§ **Given material**

::::::::::

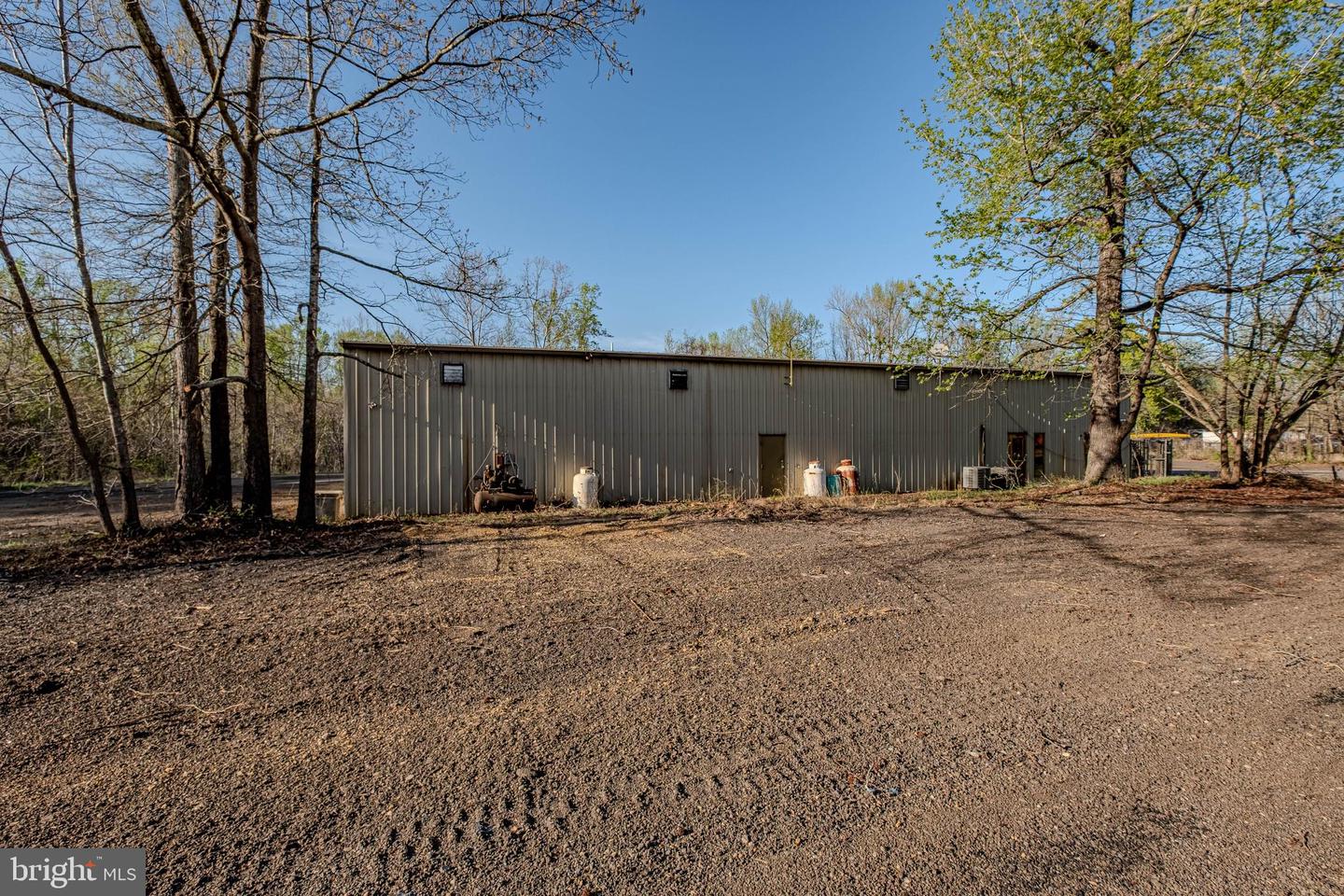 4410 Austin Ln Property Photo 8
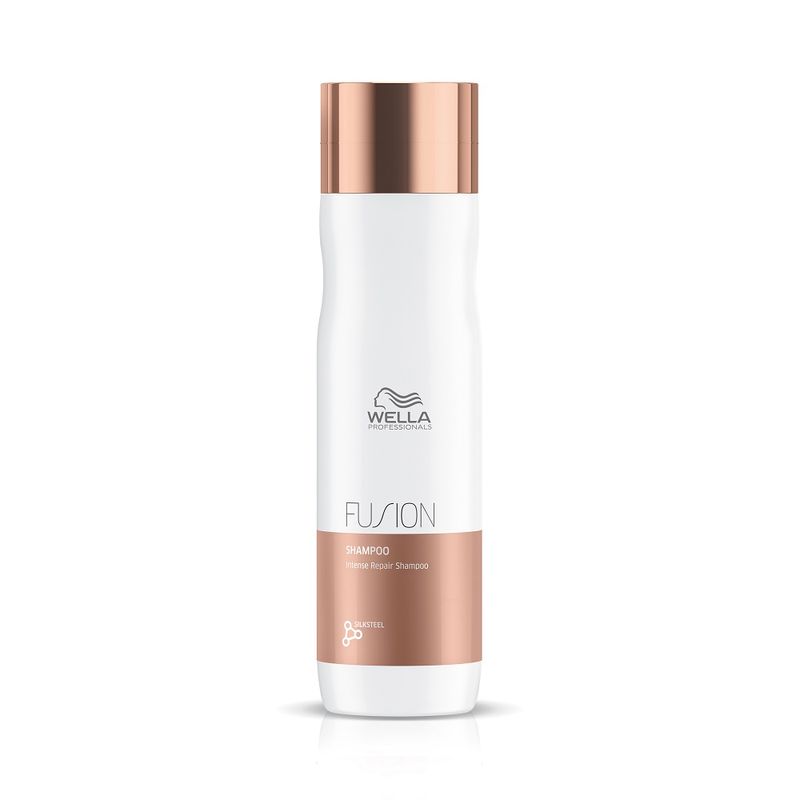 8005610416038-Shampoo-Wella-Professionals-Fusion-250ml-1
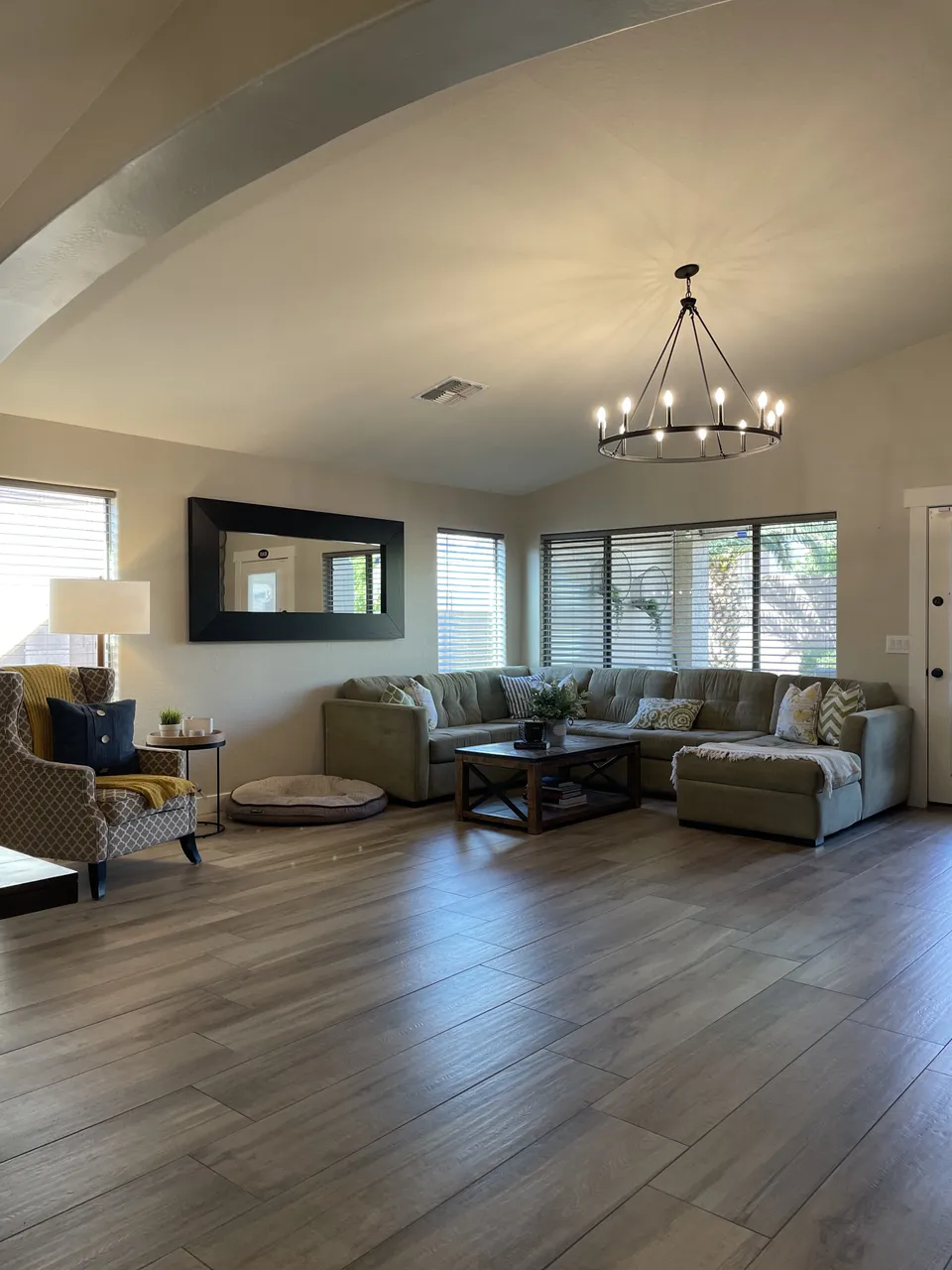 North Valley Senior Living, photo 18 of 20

::::::::::

§ **Task description**
Repeat the data word for word. Images are not part of the copy.

§ **Response to the exercise**
 4410 Austin Ln Property Photo 8
 8005610416038-Shampoo-Wella-Professionals-Fusion-250ml-1
 North Valley Senior Living, photo 18 of 20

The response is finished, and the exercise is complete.